Having observed at [71] that OG v AG was not cited in TT v CDS (it had not been reported), and perhaps anchoring her views in the second sentence of those comments of Moylan LJ’s, at [74], Macur LJ concluded as follows:

‘I agree with the husband that there is no direct financial consequence to his fraudulent conduct so as to enable its monetary evaluation. However, I take the view that the husband’s fraud is "conduct" for the purpose of subsection 25(2)(g) in that it provides "the glass" through which to address the unnecessary delay in achieving finality of the wife’s overall claim, including her unanticipated contribution to the welfare of the family post 2010.’

Notwithstanding that they were almost certainly obiter, the observations made by Macur LJ, with whom Nicola Davies LJ and Carr LJ (as she then was) agreed, do appear to cast doubt over the orthodox view that conduct must have demonstrable, quantifiable financial consequences to be relevant to outcome.

TK v LK

In TK v LK [2024] EWFC 71, a case concerning an application under Children Act 1989, Schedule 1, Nicholas Allen KC (sitting as a deputy High Court judge) made exactly that point, noting, at [68], that it is:

‘arguable that by these comments Macur LJ may have called into question the “accepted view” that conduct must be identifiable or quantifiable in monetary terms in order to be relevant.’

Nicholas Allen KC noted, again at [68], the comments made by Her Honour Judge Reardon in DP v EP, at [34], [155] and [156], that ‘[r]ecent cases where it appears that conduct without a financially measurable consequence has impacted on the distribution exercise are rare, but exist’; that ‘too narrow an interpretation of s 25(2)(g) would render the provision nugatory’; and that:

‘there must be some scope for conduct which has had consequences to be reflected in the ultimate division of assets, even where those consequences are not financially measurable’.

He went on, at [69] and [70], to refer to two High Court cases in which conduct with no measurable financial consequences had been taken into consideration under s 25(2)(g): Al-Khatib v Masry [2002] 1 FLR 1053 and FRB v DCA (No 2) [2020] EWHC 754 (Fam). Interestingly, it is recorded that in the former case, it was both agreed between counsel and implicitly accepted by Munby J (as he then was) that conduct ‘does not have to have a financial consequence for it to be taken into account’.

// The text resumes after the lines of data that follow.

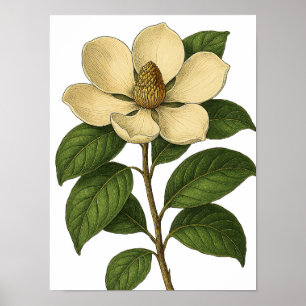 Antike Magnolie Poster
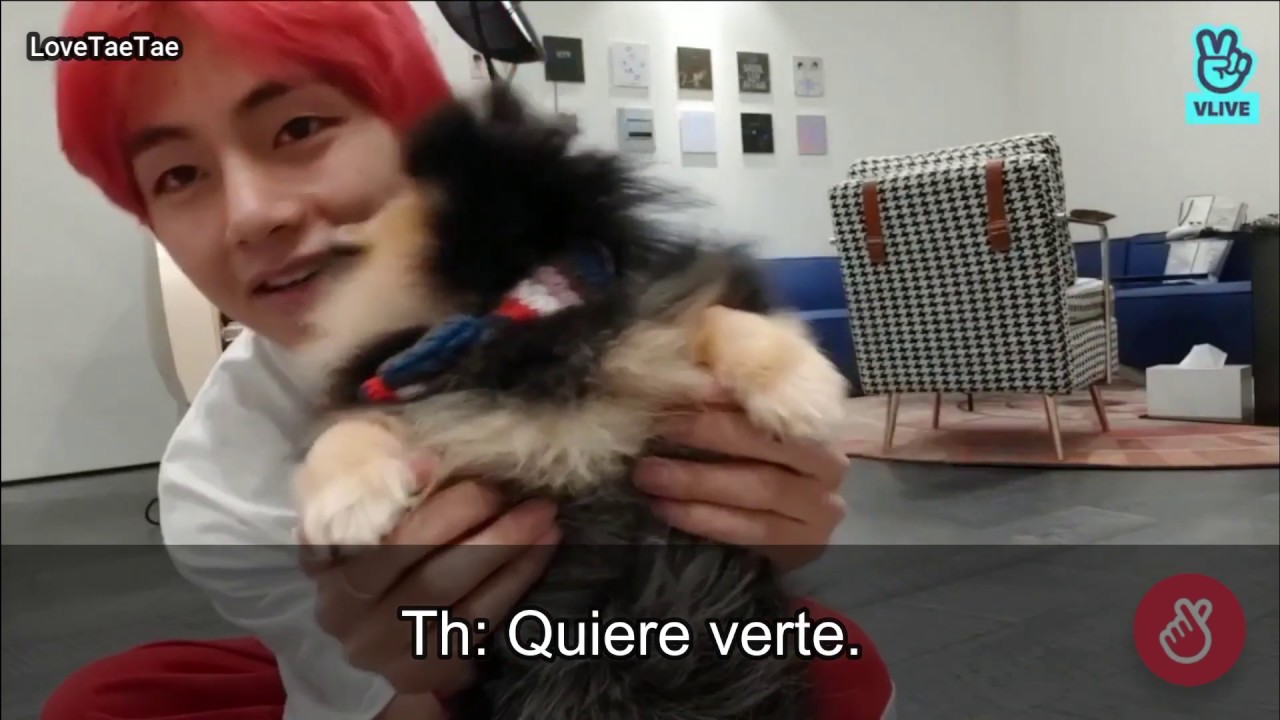 VIDEOLLAMADA CON TAEHYUNG Y YEONTAN | Imagina con Taehyung como tú novio | Parte 3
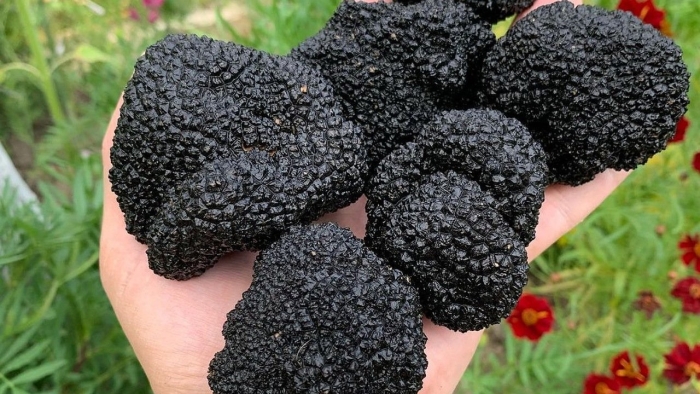 Русский чёрный трюфель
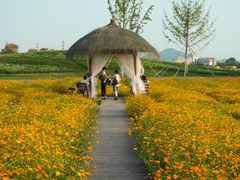 -径山花海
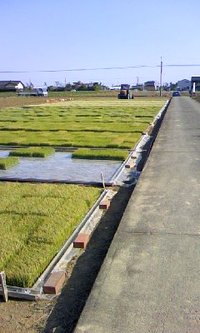 すごいかぜ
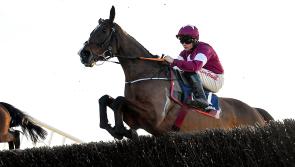 Irish Grand National Tips: 16/1 shot could win the Fairyhouse showpiece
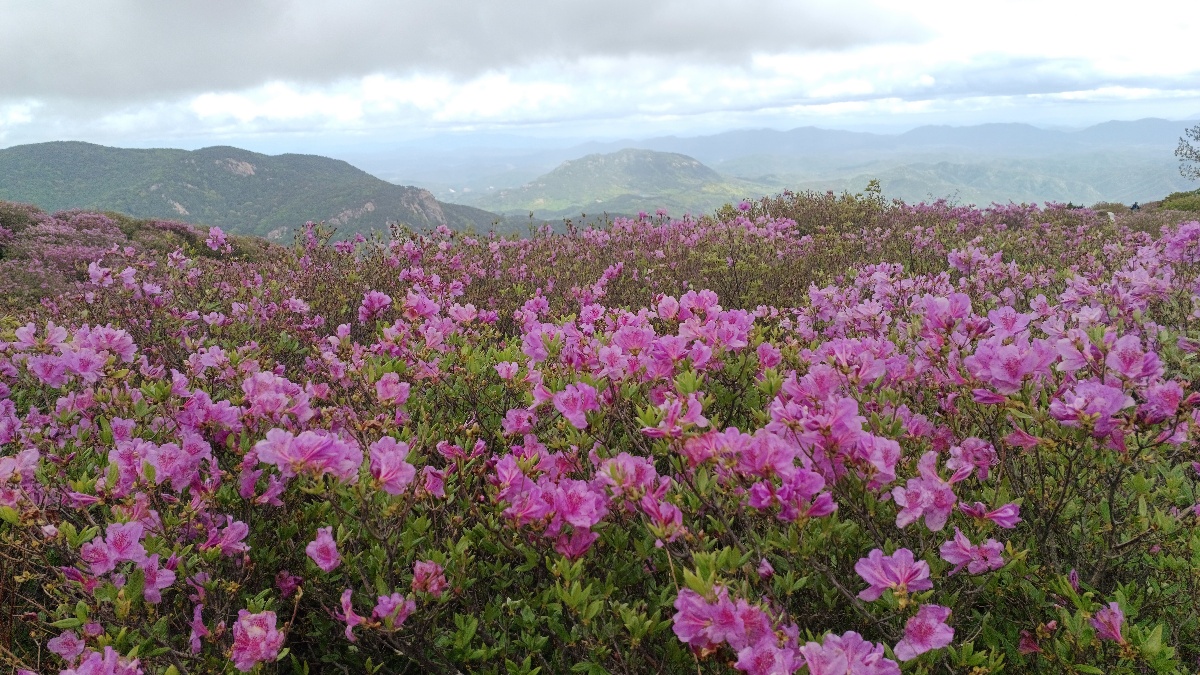 합천 황매산 철쭉9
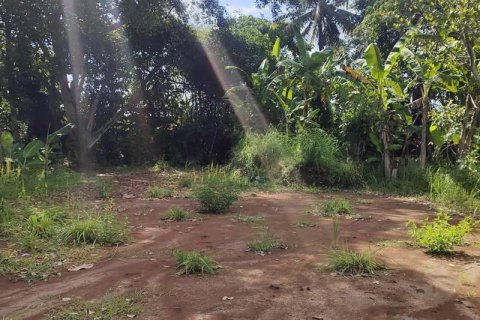 Tanah kavling 400m2 di Tabanan, Bali (13998) 10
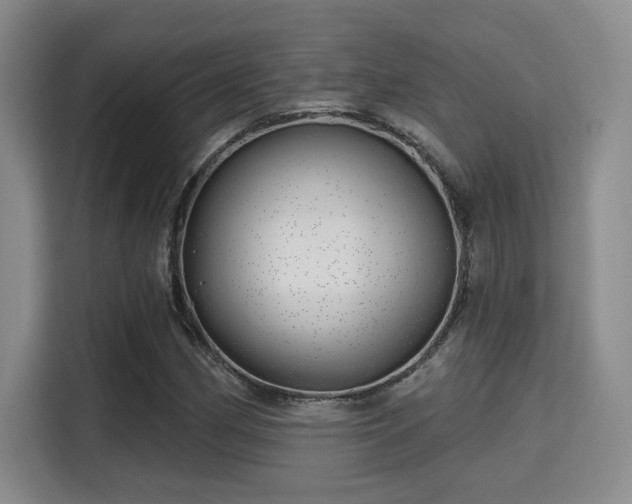 X0000115731162200911191406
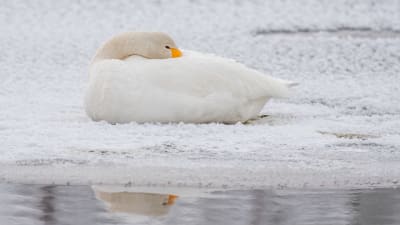 Laulujoutsen lepää jäällä.
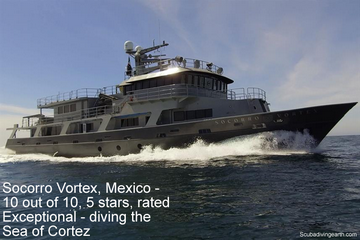 Socorro Vortex, Mexico - 10 out of 10, 5 stars, rated Exceptional - diving the Sea of Cortez small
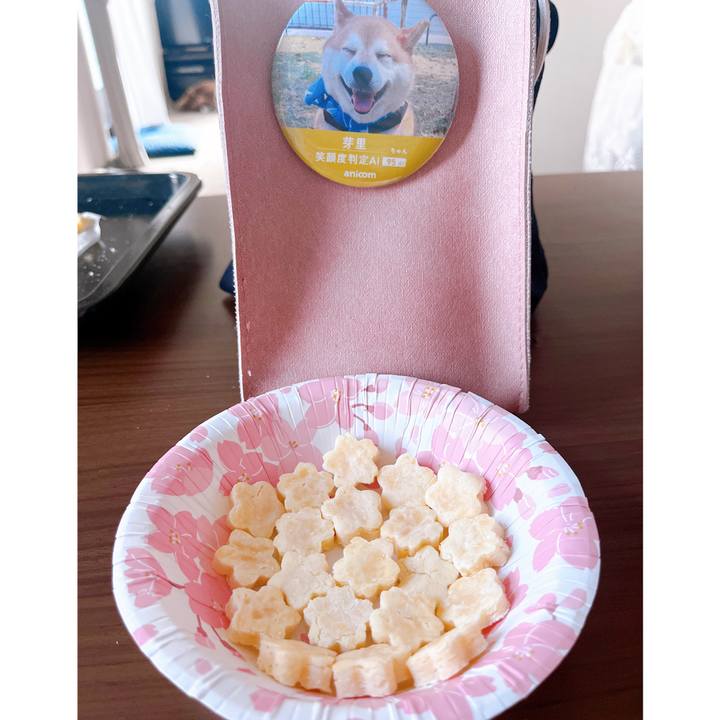 6e14713d 04a4 4c68 bbbe c95f2c537a9c 1715324582665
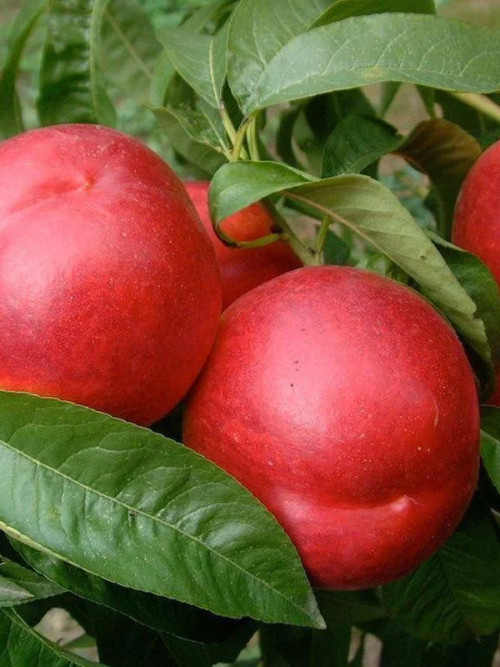 Харблейз (середній)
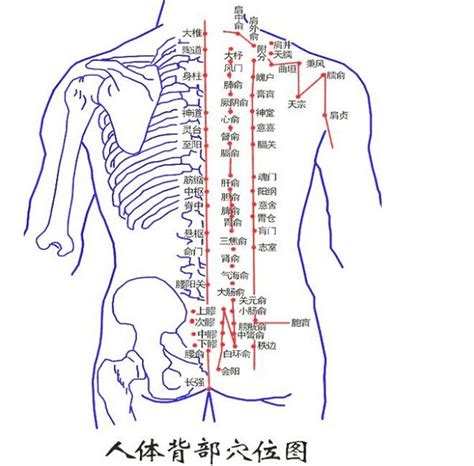 背部有痣代表什么|有痣在背，長壽富貴！背上各部位痣相命理詳解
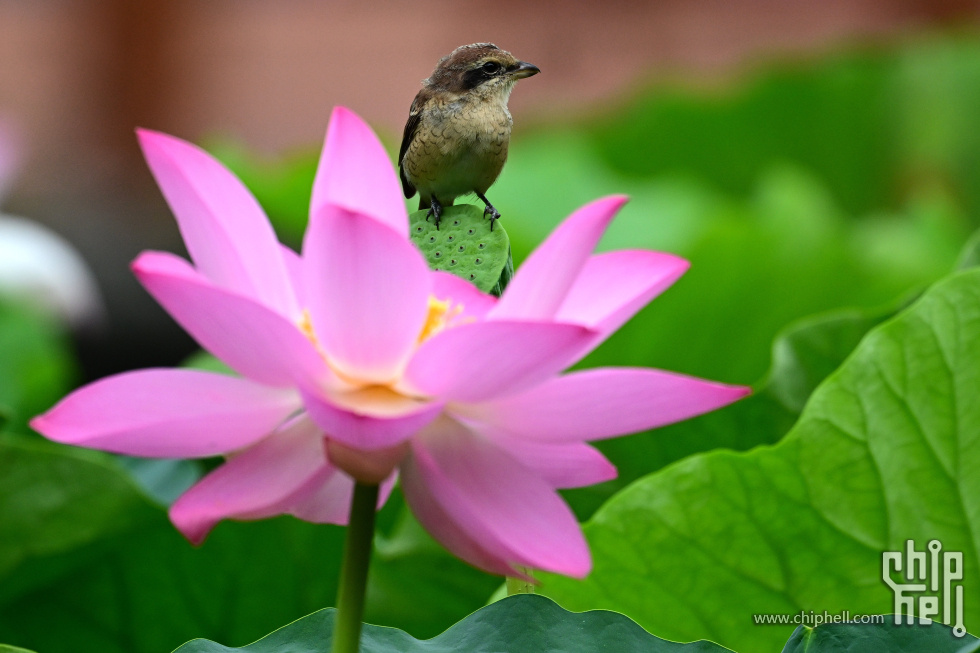 DSC_3957_副本_副本.jpg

Ultimately, there was no need for the court in TK v LK to decide whether, singly or collectively, the above-mentioned decisions sufficed to controvert the conventional wisdom articulated in Tsevtkov v Khayrova and elsewhere, since, as was explained at [71], there was ample basis, on the facts of that case, on which to conclude that the relevant conduct was not only of sufficient gravity but also had measurable financial consequences.

Nevertheless, the discussion within the judgment, whilst similarly obiter, may well be taken to call further into question the widely accepted view and the assumptions underpinning Deputy District Judge Harrop’s observation in KA v LE [2023] EWFC 266 (B), at [72], as to the current state of the law, that:

‘[h]owever one may feel about it, the case law at present is clear that personal misconduct will only be taken into account in very rare circumstances and only where it has had financial consequences.’

If nothing else, it may serve to highlight the apparent existence of a credible, alternative view of the current law, which is rather more resonant with the expansive approach for which Olivia Piercy and Anita Mehta’s article called, and hence suggest that there may be room for further argument, not only about what the law ought to be, but also about what it is at present.